**TASK DESCRIPTION**. Leaving out the pictures, retype the lines from the top of the listing through the line with "Pour a final" exactly.

**GIVEN ENTRIES**.
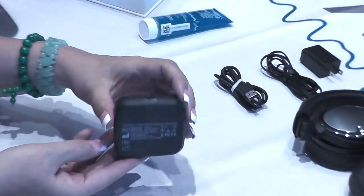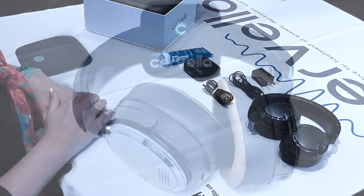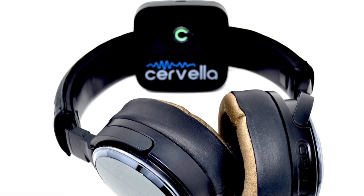Notice that there are no on-off buttons on the Cervella device, as it wakes up and goes to sleep when it receives a Bluetooth signal from the Cervella app.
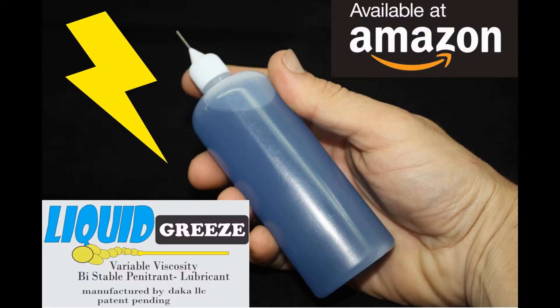Visit us at Amazon today, or at our website, Grease.com — that's Grease with a Z.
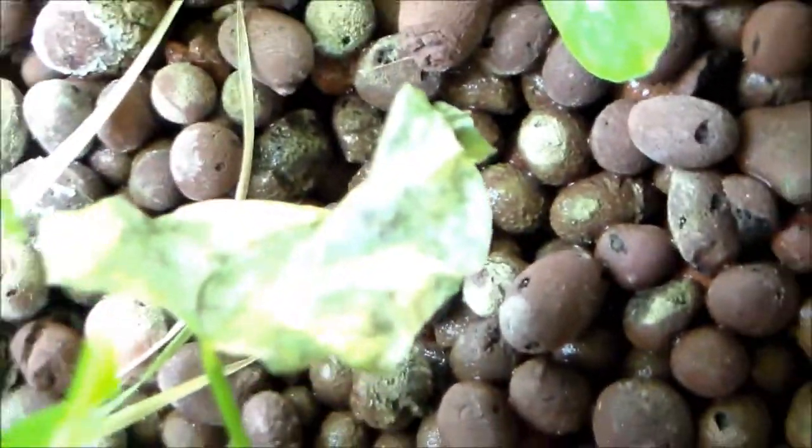Or is it even a fungus? I don't see any kind of pests. I've checked underneath the leaves and I don't see anything. So yeah, any kind of help would be very helpful to me. Any suggestions?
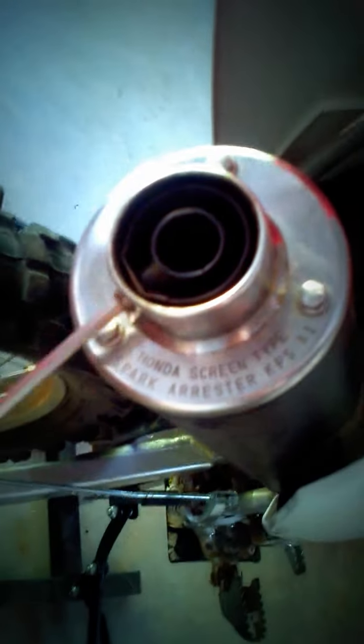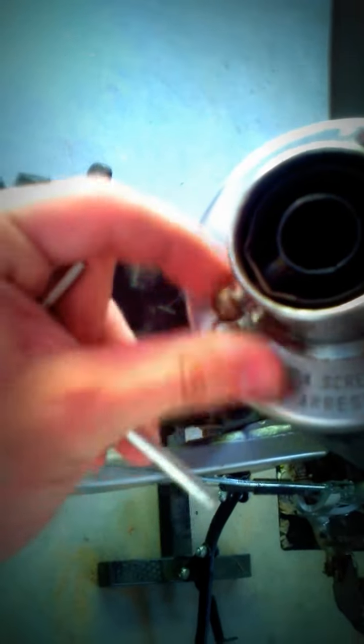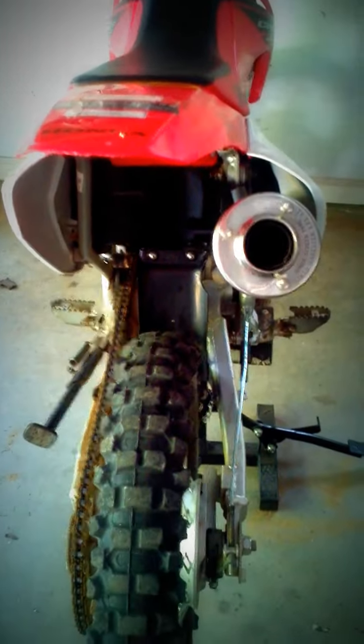Then reach in and grab this out, and that's all it is. Now you're good to ride — good to take it to the tracks, the trails, whatever you do. I'll have another video of sound tests between the two; I'll upload it as soon as I'm done with this one.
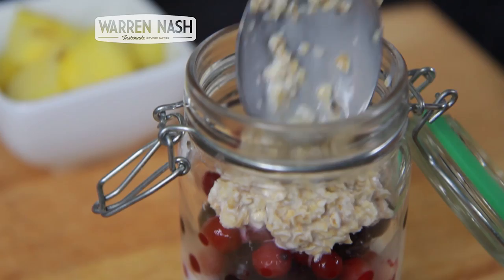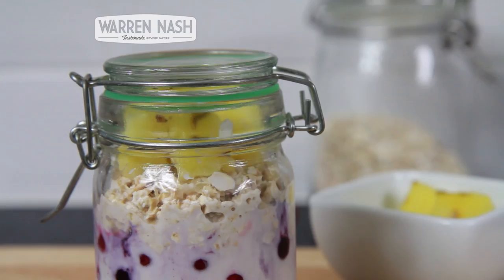Pour a final layer of the oat and milk mixture over the top of the summer fruits, leaving a little bit of space on the top. Finally, place on some chopped pineapple and then cover the jar.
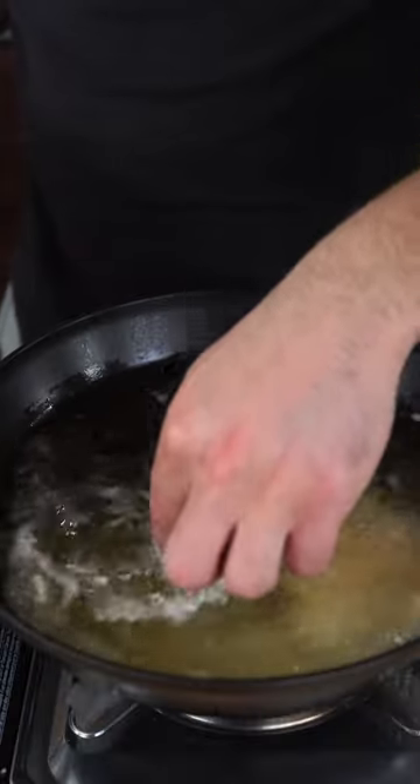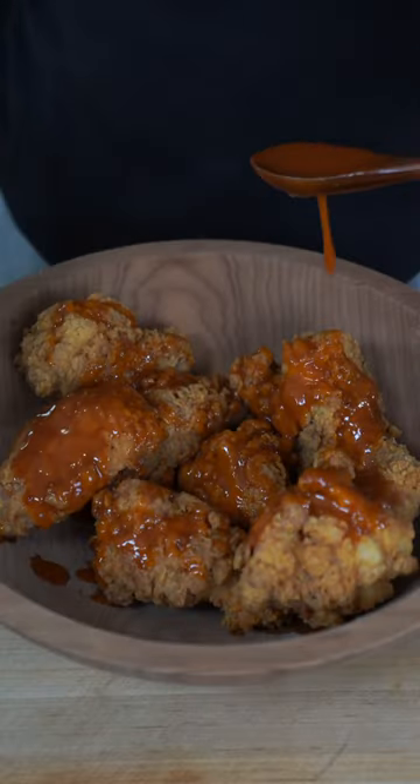Set your oil at about 350 degrees, then just drop in your chicken laying away from you. We're gonna pull them off when they're nice and golden like me. And here's when we have some fun — toss them with half your sauce, then on a sheet tray go into the oven at 450 for just a couple minutes.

**TASK OUTPUT**.
Notice that there are no on-off buttons on the Cervella device, as it wakes up and goes to sleep when it receives a Bluetooth signal from the Cervella app.
Visit us at Amazon today, or at our website, Grease.com — that's Grease with a Z.
Or is it even a fungus? I don't see any kind of pests. I've checked underneath the leaves and I don't see anything. So yeah, any kind of help would be very helpful to me. Any suggestions?
Then reach in and grab this out, and that's all it is. Now you're good to ride — good to take it to the tracks, the trails, whatever you do. I'll have another video of sound tests between the two; I'll upload it as soon as I'm done with this one.
Pour a final layer of the oat and milk mixture over the top of the summer fruits, leaving a little bit of space on the top. Finally, place on some chopped pineapple and then cover the jar.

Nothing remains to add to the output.